## AIM OF THE EXERCISE
For this exercise, the lines from the one with "14P The Beauty" through the final line of the data below are to be transcribed exactly, and pictures are to be skipped.

## DATA BLOCK
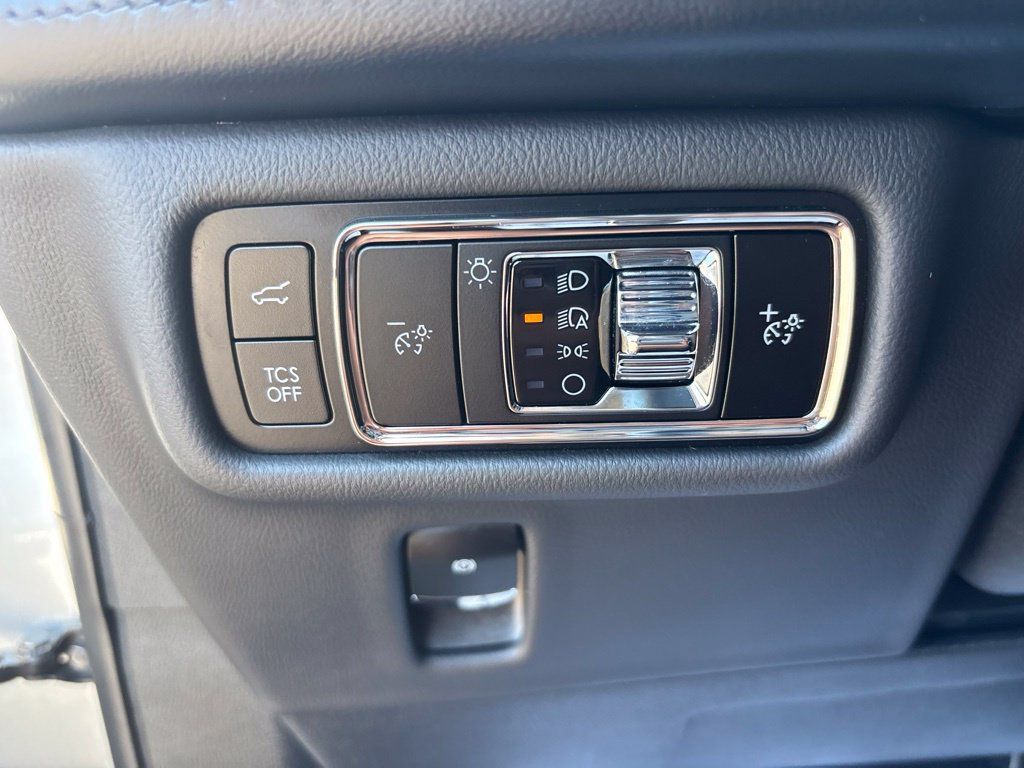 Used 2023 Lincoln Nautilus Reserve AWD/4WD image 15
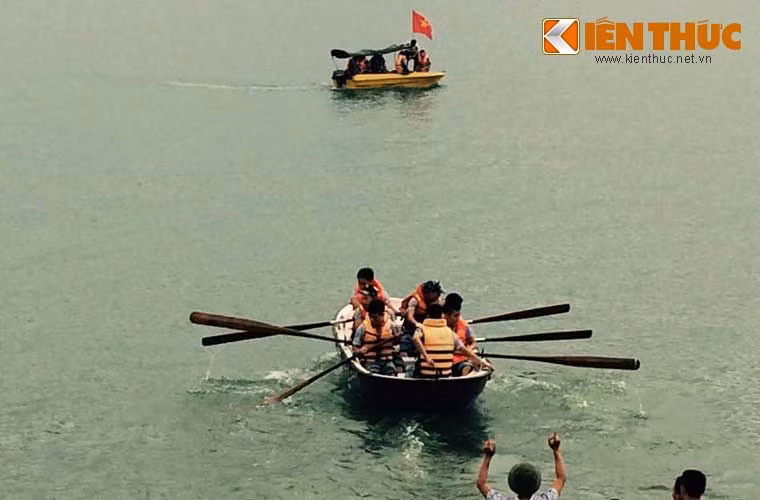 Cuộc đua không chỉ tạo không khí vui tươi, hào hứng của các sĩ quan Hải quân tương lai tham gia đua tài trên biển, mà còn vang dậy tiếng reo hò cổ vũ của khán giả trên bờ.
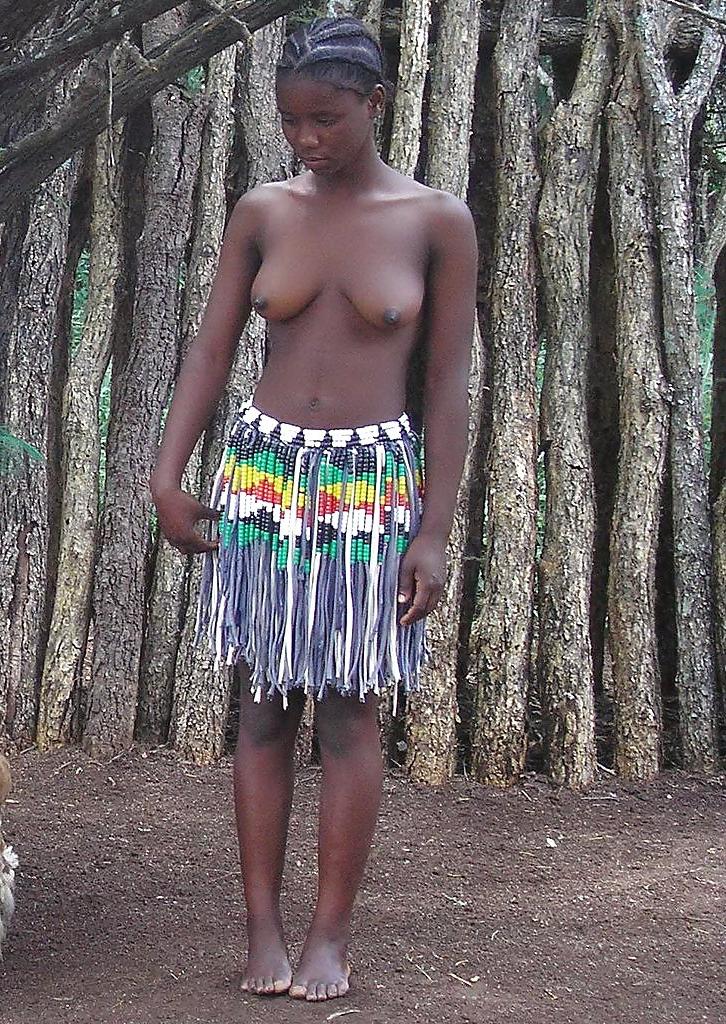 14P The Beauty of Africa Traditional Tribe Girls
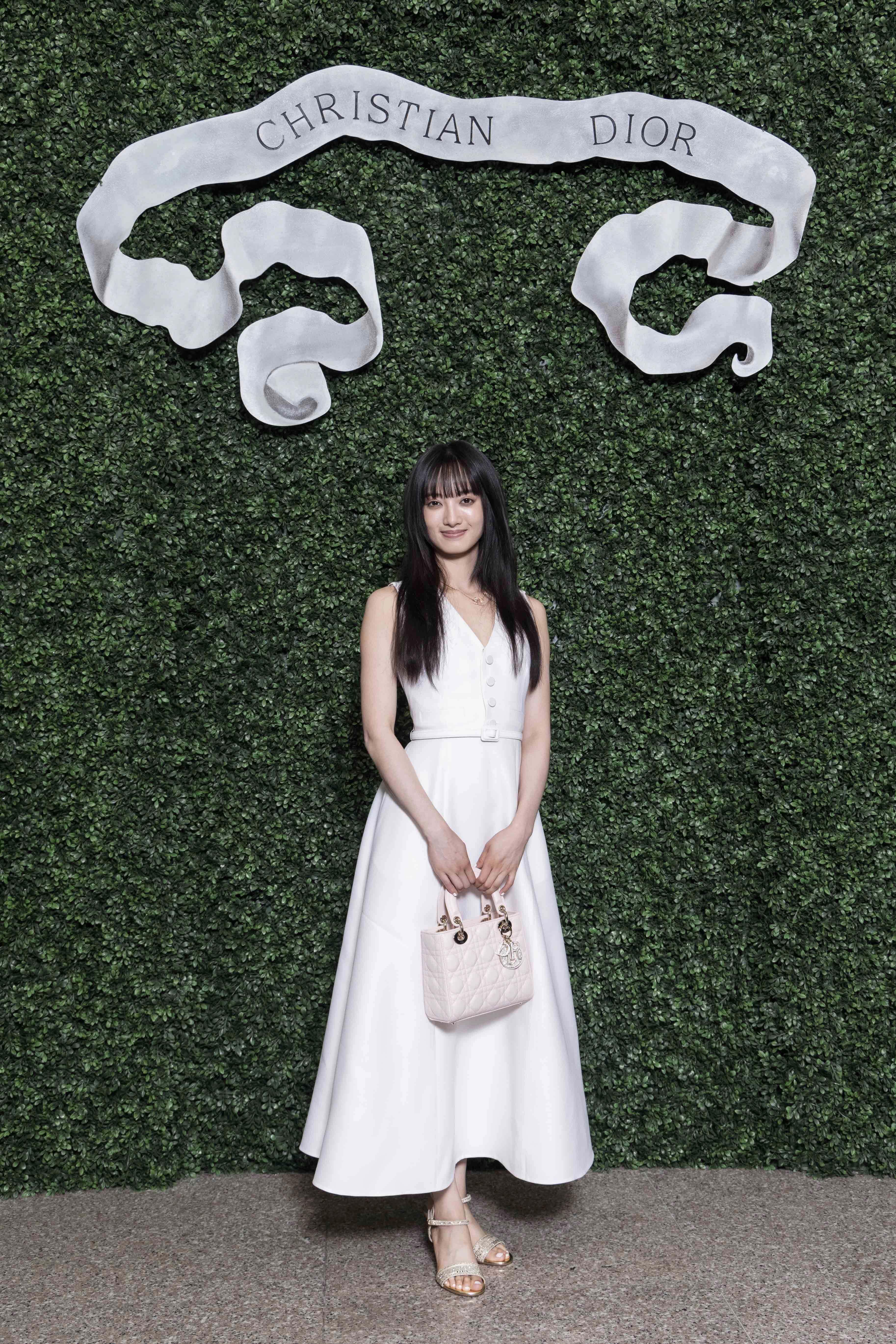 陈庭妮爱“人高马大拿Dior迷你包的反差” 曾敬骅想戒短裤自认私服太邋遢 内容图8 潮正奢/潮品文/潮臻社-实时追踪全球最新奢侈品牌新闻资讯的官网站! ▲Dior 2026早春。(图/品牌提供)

## FINISHED TASK
 14P The Beauty of Africa Traditional Tribe Girls
 陈庭妮爱“人高马大拿Dior迷你包的反差” 曾敬骅想戒短裤自认私服太邋遢 内容图8 潮正奢/潮品文/潮臻社-实时追踪全球最新奢侈品牌新闻资讯的官网站! ▲Dior 2026早春。(图/品牌提供)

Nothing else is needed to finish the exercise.